Apical cell protrusions cause vertical deformation of the soft cancer nucleus

Abstract

Breast cancer nuclei have highly irregular shapes, which are diagnostic and prognostic markers of breast cancer progression. The mechanisms by which irregular cancer nuclear shapes develop are not well understood. Here we report the existence of vertical, apical cell protrusions in cultured MDA-MB-231 breast cancer cells. Once formed, these protrusions persist over time scales of hours and are associated with vertically upward nuclear deformations. They are absent in normal mammary epithelial cells (MCF-10A cells). Microtubule disruption enriched these protrusions preferentially in MDA-MB-231 cells compared with MCF-10A cells, whereas inhibition of nonmuscle myosin II (NMMII) abolished this enrichment. Dynamic confocal imaging of the vertical cell and nuclear shape revealed that the apical cell protrusions form first, and in response, the nucleus deforms and/or subsequently gets vertically extruded into the apical protrusion. Overexpression of lamin A/C in MDA-MB-231 cells reduced nuclear deformation in apical protrusions. These data highlight the role of mechanical stresses generated by moving boundaries, as well as abnormal nuclear mechanics in the development of abnormal nuclear shapes in breast cancer cells.

Keywords: breast cancer; cancer nucleus; lamin A/C; microtubule; nuclear shape; protrusions.

Figure 1.

The presence of apical cell protrusions with associated nuclear deformation in MB-231 cells.

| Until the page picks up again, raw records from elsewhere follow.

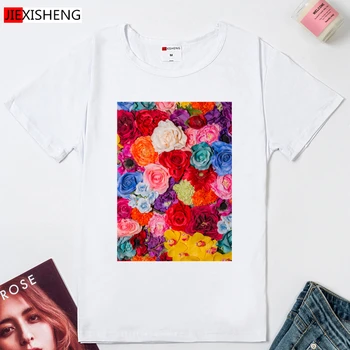 Rose spausdinti Moterų marškinėliai Vasaros Hipster Atsitiktinis Marškinėlius trumpomis rankovėmis apvalios kaklo Kvėpuojantis t-shirt Marškinėliai Femme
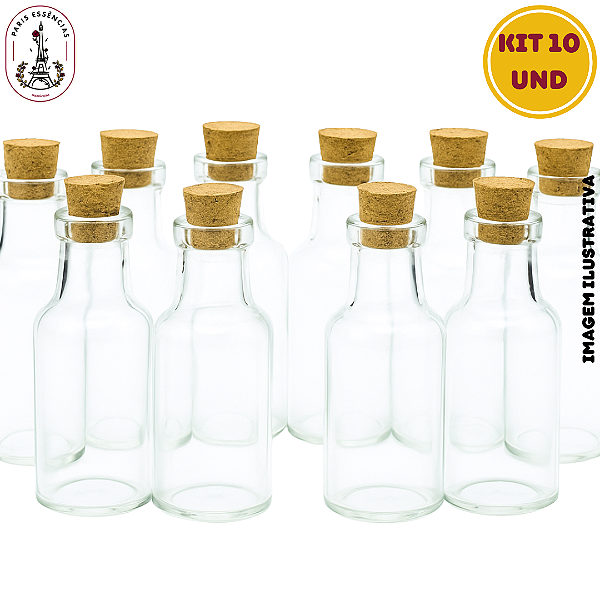 Kit 10 Garrafinhas de Vidro 12ml - c/Rolha Cortiça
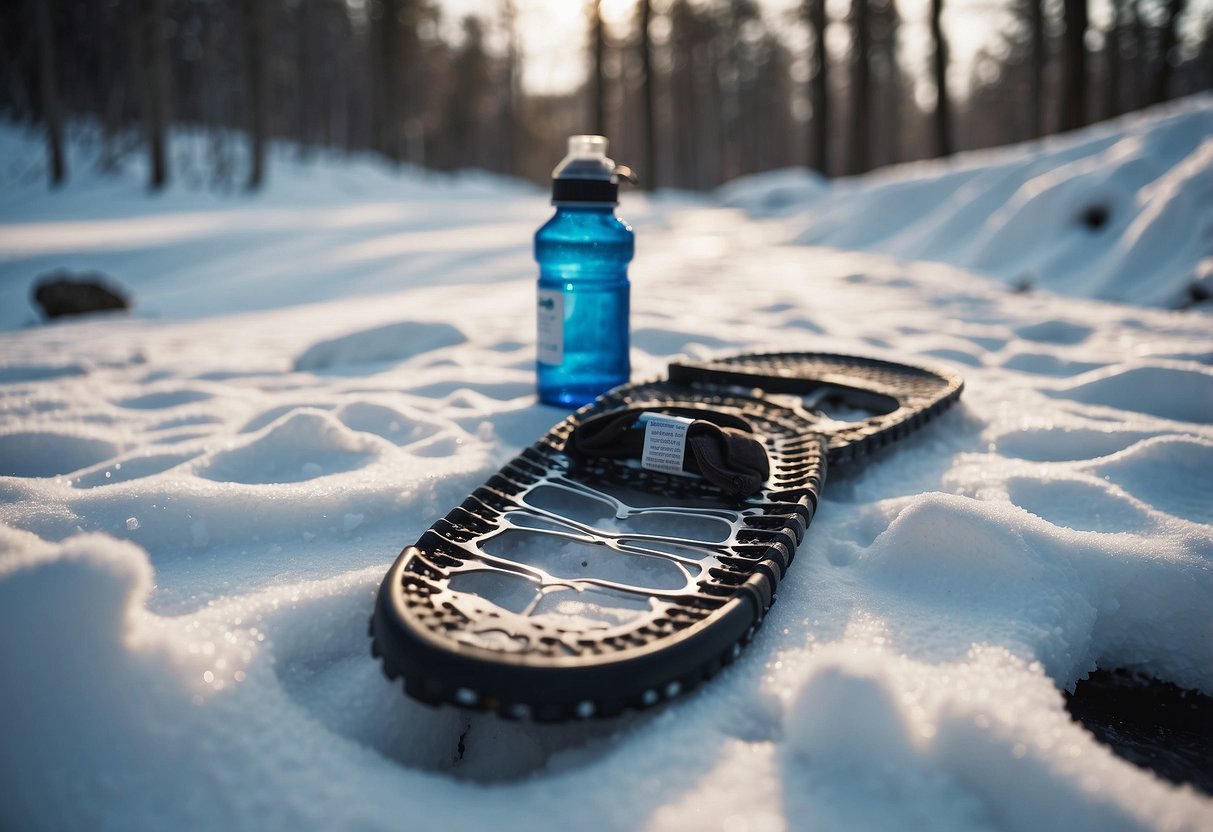 Snowshoes on snowy trail with wet wipes, water bottle, and eco-friendly packaging. Footprints in the snow lead to a serene winter landscape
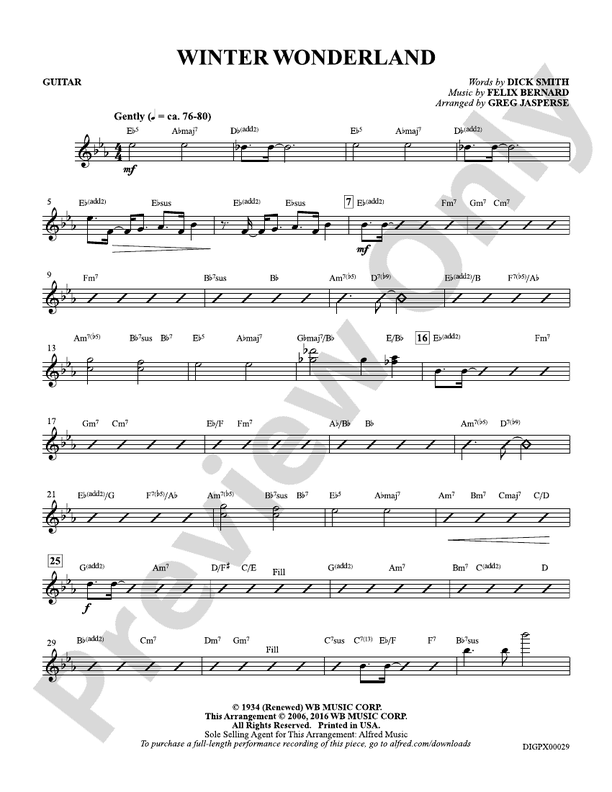 Winter Wonderland: Guitar: Guitar Part: Felix Bernard - Digital Sheet ...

Images show representative fluorescent images of x-y and x-z cross-sections of an MCF-10A cell (top) and MB-231 cells (bottom). The MB-231 cell has a ‘Mexican hat’ type appearance due to the local apical cell protrusion in an otherwise well-spread cell.

Figure 2.

Nocodazole treatment enriches apical cell protrusions in MB-231 cells. A) Percentage of fixed cells with apical protrusions under various. Chi-square test was used to test statistical differences. *or #, p<0.05. N > 30 cells for each condition (MCF_ctrl: untreated MCF-10A cells; MB_231_ctrl: untreated MB-231 cells; MCF_noc and MB_231_noc: MCF-10A cells and MB-231 cells respectively treated with 5 μM nocodazole). Error bars indicate SEM. B) Percentage of cells with an apical cell protrusion in which the nuclear shape was vertically deformed into the protrusion. Error bars are SEM. C) Representative fluorescent images of an MB-231 and MCF-10A cell treated with nocodazole for 1 hr, showing the apical cell protrusion and associated vertical nuclear deformation. D) Fluorescent images show confocal images at different planes (marked by horizontal lines) of an MB-231 cell treated with nocodazole. The apical protrusion is present in an otherwise well-spread cell.

Figure 3.

Apical cells protrusion precedes vertical nuclear deformation. A) Reconstructed fluorescent time-lapse images of the vertical cross-section of a live cell expressing NLS-GFP and treated with lipophilic tracer DiI showing the formation of a vertical protrusion in the cell membrane near the nucleus (white arrows) and the consequent deformation of the nucleus (red arrows) after treatment with 5μM nocodazole at time t = 0 min. For reference, vertical dashed lines indicate the initial position of the nucleus and cell membrane. B) Reconstructed fluorescent time-lapse images of the vertical cross-section of a living cell expressing NLS-GFP and RFP-LifeAct showing the formation and retraction of a vertical cell protrusion near the nucleus (white arrows) and the consequent deformation of the nucleus (red arrows) after treatment with nocodazole at t = 0 min. Vertical dashed lines indicate the initial position of the nucleus for reference.

Figure 4.

Apical cell protrusions are NMMII dependent, while vertical nuclear deformation is reduced upon over-expression of GFP-Lamin A. A) An MB-231 cell treated with nocodazole for 1 hr before fixation and stained for pMyosin (orange), F-actin (green) and nucleus (blue). Inset at two z-positions (top and middle planes) shows the distribution of F-actin and pMyosin in the apical cell protrusion. B) Fluorescent images show an example of a MB-231 cell treated with blebbistatin, which abrogated the apical cell protrusion. C) Images show a GFP-Lamin A expressing cell treated with nocodazole for 1 hr before fixation. An apical protrusion is clearly visible, but with no vertically upward deformation. D) Bar plot shows the frequency of cells with apical protrusions of MDA-MB-231 cells (left) and frequency of nuclei deformed into the apical cell protrusions. (MB_231_ctrl: untreated MB-231 cells; MB_231_noc: MB-231 cells treated with 5 μM nocodazole; MB_231_GFPLA_noc: MB-231 cells expressing GFP-Lamin A and treated with 5 μM nocodazole). Error bar is SEM. At least 32 samples from 3 different dishes are analyzed. Chi-square test with Bonferroni correction was used to test statistical differences. *, p<0.05.